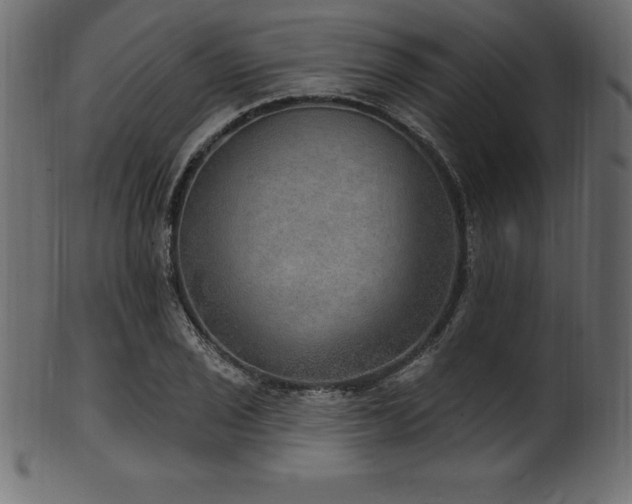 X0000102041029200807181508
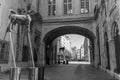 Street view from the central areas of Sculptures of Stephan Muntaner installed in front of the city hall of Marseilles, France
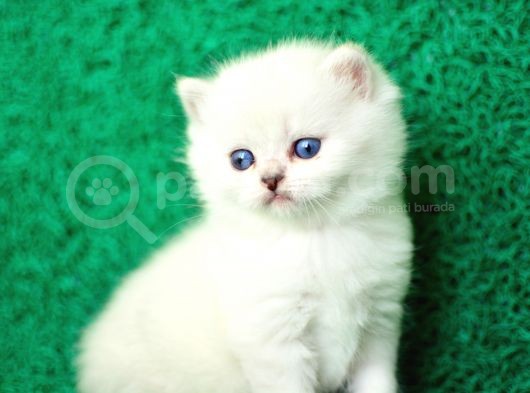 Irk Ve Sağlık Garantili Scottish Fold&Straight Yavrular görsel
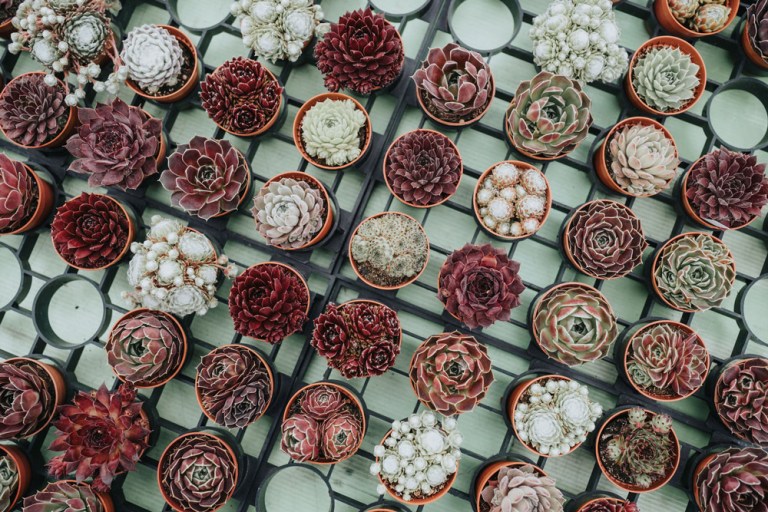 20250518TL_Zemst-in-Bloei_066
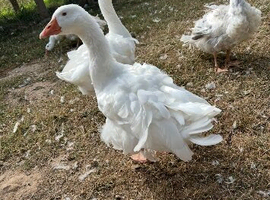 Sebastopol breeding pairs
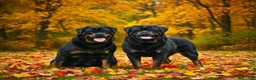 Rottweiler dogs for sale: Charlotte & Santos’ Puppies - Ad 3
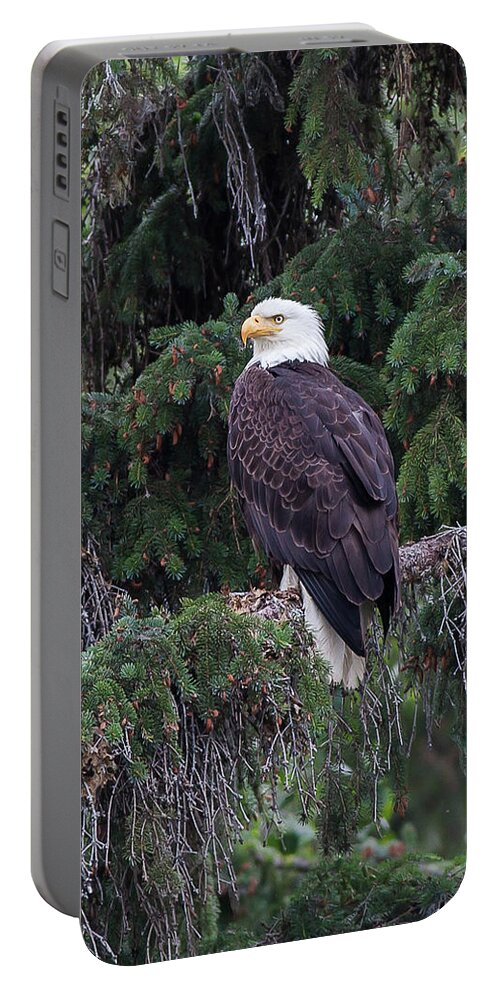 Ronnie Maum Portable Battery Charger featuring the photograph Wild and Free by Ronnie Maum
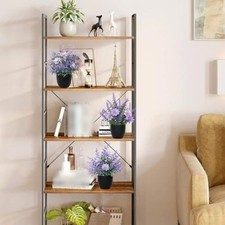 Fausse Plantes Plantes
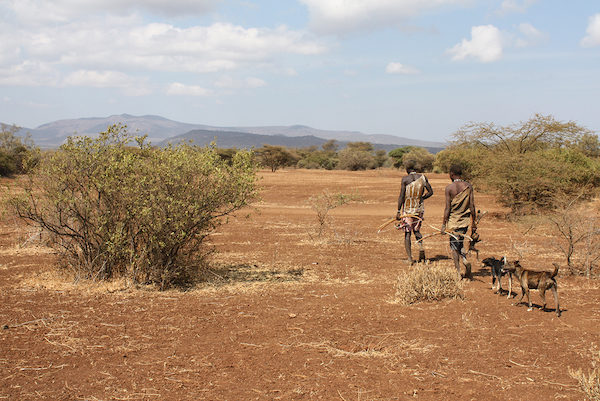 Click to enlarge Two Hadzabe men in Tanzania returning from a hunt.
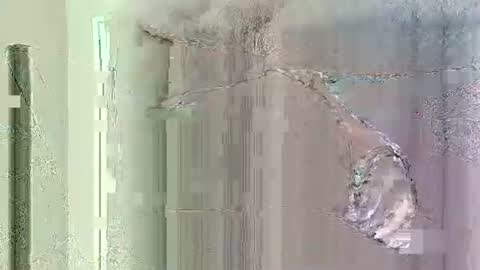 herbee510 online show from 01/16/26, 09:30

- - - - -

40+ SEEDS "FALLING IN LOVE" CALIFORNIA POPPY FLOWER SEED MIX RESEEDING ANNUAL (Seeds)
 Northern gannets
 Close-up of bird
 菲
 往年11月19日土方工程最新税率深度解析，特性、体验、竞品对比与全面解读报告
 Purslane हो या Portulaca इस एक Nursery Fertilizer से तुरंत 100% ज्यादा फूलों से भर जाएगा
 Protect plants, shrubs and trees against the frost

- - - - -

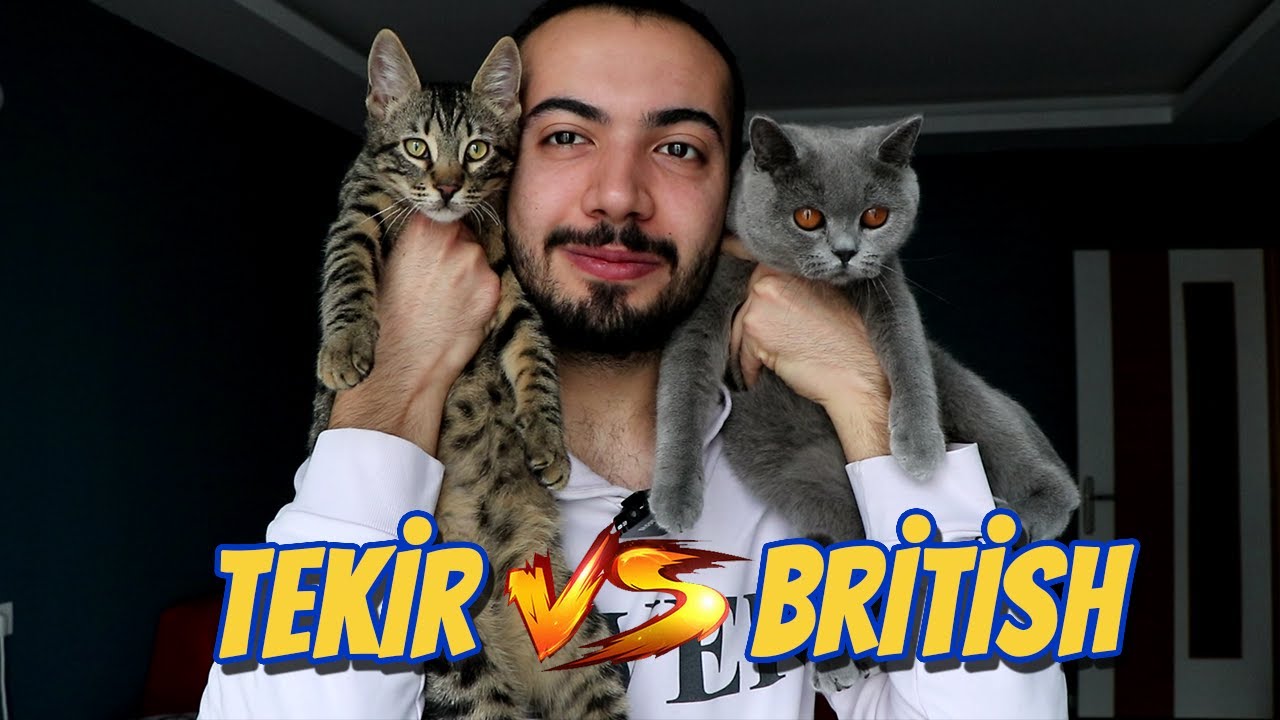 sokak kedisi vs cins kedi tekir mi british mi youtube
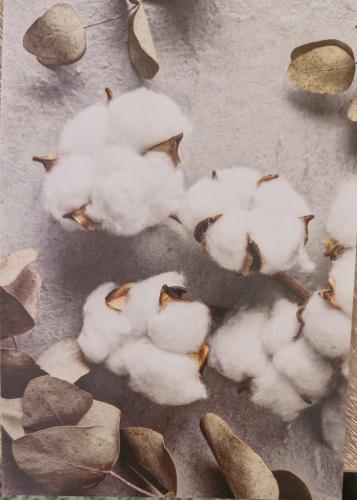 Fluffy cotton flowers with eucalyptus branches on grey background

- - - - -

Task brief -
Within the listing above, the stretch from the line with "X0000102041029200807181508" down to the line with "Sebastopol breeding pairs" is to be given again exactly, end lines included and pictures excluded.

Written answer -
 X0000102041029200807181508
 Street view from the central areas of Sculptures of Stephan Muntaner installed in front of the city hall of Marseilles, France
 Irk Ve Sağlık Garantili Scottish Fold&Straight Yavrular görsel
 20250518TL_Zemst-in-Bloei_066
 Sebastopol breeding pairs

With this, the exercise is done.